I work with relatively large datasets: the main tibble is a tidy, long tibble (millions of rows) with three columns: Sample, Hash, number of occurrences. Each row is an observation. In order to plot, model, etc, I need to group samples according to their metadata, and hence there is another tibble with as many rows as samples (~100 rows and ~10 columns: Sample, Site, Month,...).

So, in order to, let's say, obtain a boxplot of the number of unique sequences per sample at each site, I will have to join the two tibbles. A workflow will look like

library(RCurl)
library(tidyverse)

long_tibble<- read_csv(file = getURL("https://raw.githubusercontent.com/ramongallego/dplyr_question/master/example_long_tible.csv") )

factor_tibble <- read_csv (file = getURL("https://raw.githubusercontent.com/ramongallego/dplyr_question/master/example_factor_tible.csv"))

together<- left_join(long_tibble, factor_tibble) 

ggplot (data = together, aes (x= Site, y = nunique)) + 
  geom_boxplot(data = together %>%
 group_by(sample, Site) %>%
 summarise(nunique = n_distinct(Hash)))

That works and gives me the plot I am after. My question is whether it is mandatory to formally join both tibbles, or if it is possible to generate the group_by of tibble #1 with the grouping information of tibble #2.

This may seem trivial but I think with really long tibbles, any new column added should increase the size of the object dramatically, right?

So my question is which is the tidiest way of dealing with relational tibbles

nwerth · June 19, 2018, 2:22pm

If each sample is in exactly one row of factor_tibble, then isn't group_by(sample, Site) the same as group_by(sample)?

In answer to your question, you could keep the tables separate to reduce memory usage and only join the necessary columns as part of a pipeline. That way, it takes much less memory which is (loosely) "freed up" after the pipe's done.

long_tibble %>%
  left_join(factor_tibble[, c("sample", "Site")], by = "sample") %>%
  group_by(sample, Site) %>%
  summarise(nunique = n_distinct(Hash)) %>%
  ggplot(aes(x = Site, y = nunique)) + 
  geom_boxplot()

rgallego · June 19, 2018, 3:28pm

Thanks for that Nathan,

First, fair point on the sample/site group redundancy.

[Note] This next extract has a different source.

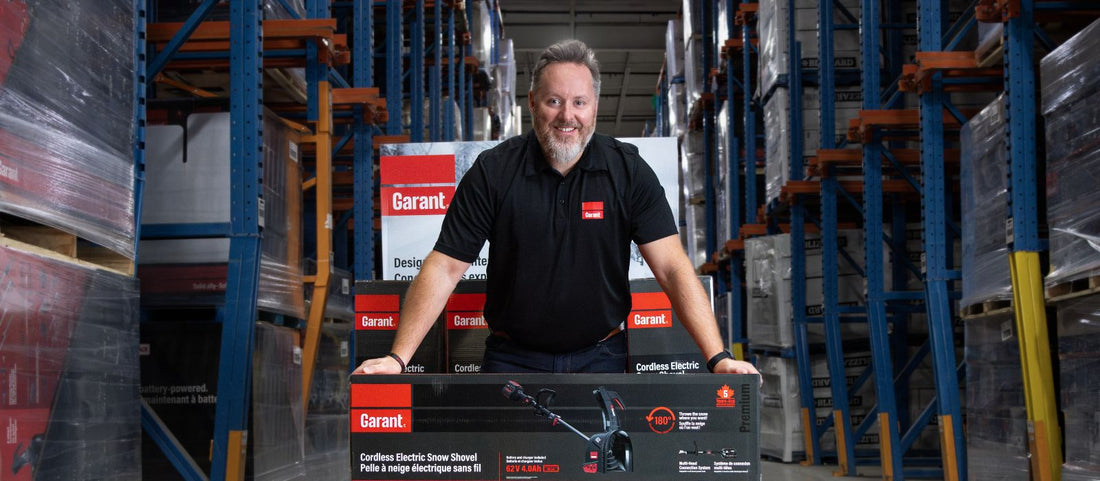 Garant dévoile sa plus récente innovation : une pelle à neige électrique sans fil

Second, your solution avoids storing the join tibble in a Robject and that's an improvement. I guess what I was hoping for is a way of passing the grouping without actually merging the tibbles, even under the hood.

Thanks again

nwerth · June 19, 2018, 4:36pm

A data.table is really great for making fast lookup tables. Of course, it's still technically a merge, but the package optimizes a lot of stuff.

library(data.table)

key_dt <- factor_tibble %>%
  select(sample, Site) %>%
  as.data.table()

summary_dt <- key_dt[
  long_tibble,
  on = "sample"
][
  ,
  list(nunique = n_distinct(Hash)),
  by = list(sample, Site)
]

ggplot(summary_dt, aes(x = Site, y = nunique)) + 
  geom_boxplot()

You could also look into using a database, like SQLite.

jlacko · June 19, 2018, 6:59pm

There is beauty in normal form of data (... so help me Codd). Hard to improve upon in an abstract way.

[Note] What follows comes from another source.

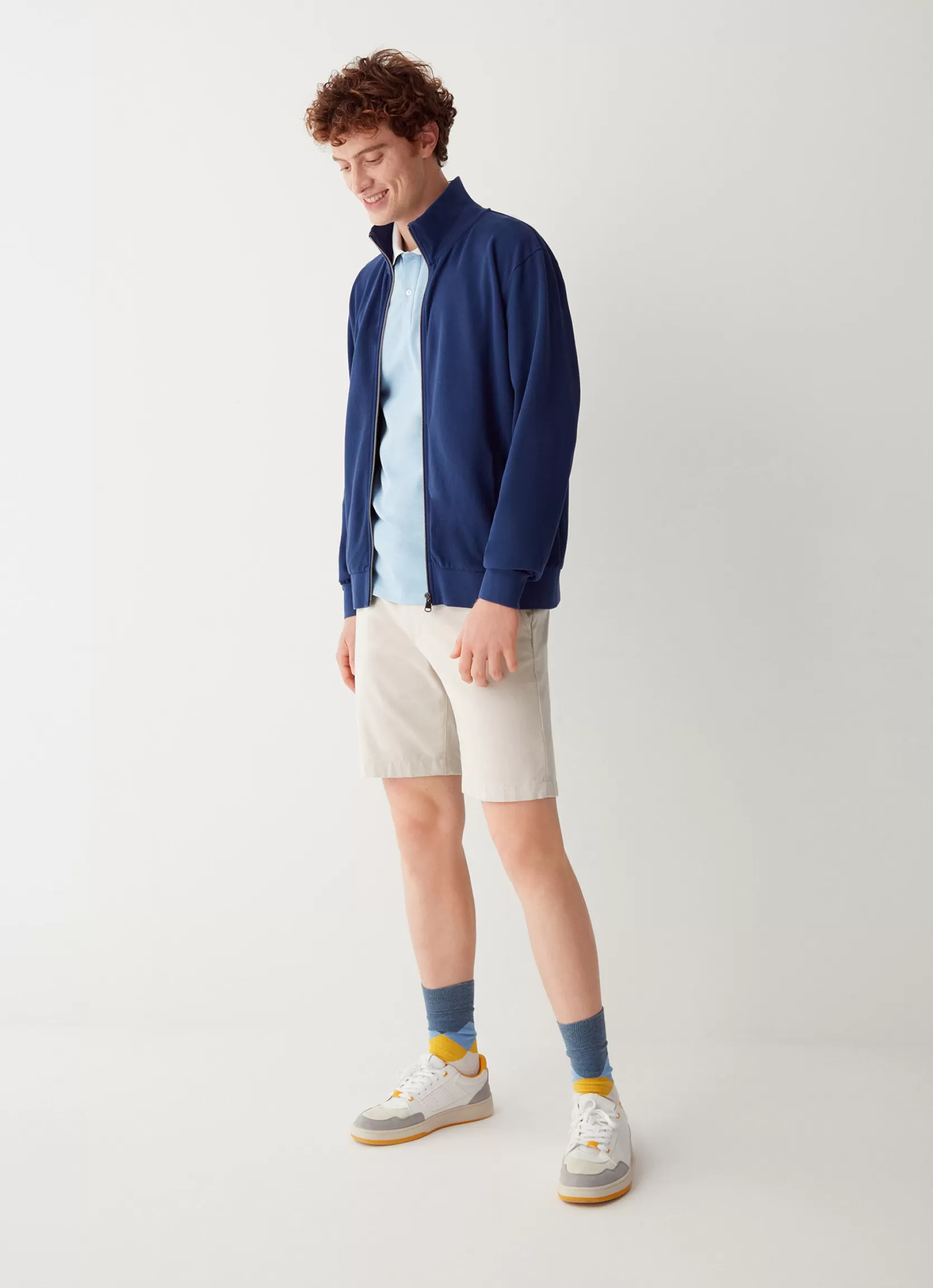 Colmar Turtle neck sweatshirt in piqué | man Outlet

Of course not all constraints are as hard today as they were in the late 1960's - e.g. storage costs mean something different now and then.

Still, in your case I would suggest offloading the main and the lookup tibbles into a database. Especially if you expect your work to involve a lot of grouping / subsetting. These are the kind of operations in which relational databases shine.

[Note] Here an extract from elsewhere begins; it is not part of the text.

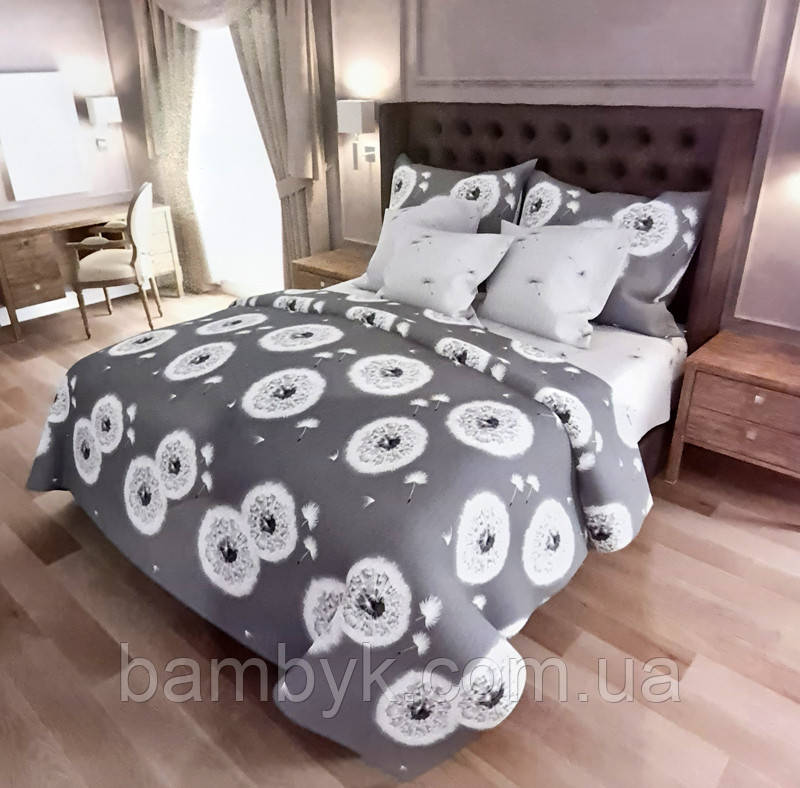 Постільна білизна ранфорс двоспальна бавовняна Golden Daisy кольорове Туреччина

You will move from an environment of available memory constraint (R) to an environment of available disk space constraint (RDBS). In most use cases the hard drive wins.

rgallego · June 19, 2018, 7:33pm

Thanks for the input Jindra, this is very exciting - would you mind pointing me in the direction of some online resources to start working on this?

Many thanks

Ramón Gallego, PhD

jlacko · June 20, 2018, 8:32am

Thanks for your kind words!

A good starting point for working with databases is https://db.rstudio.com/ - @edgararuiz has a nice webinar in the media section.

About design of relational model you can have a quick web search on star schema - which is the simplest one (and describes nicely your situation - one fact table with one or more dimensions).

To get more fancy you can look up the great Inmon vs. Kimball controversy (hint: it is not much of a controversy, but why spoil a good story?)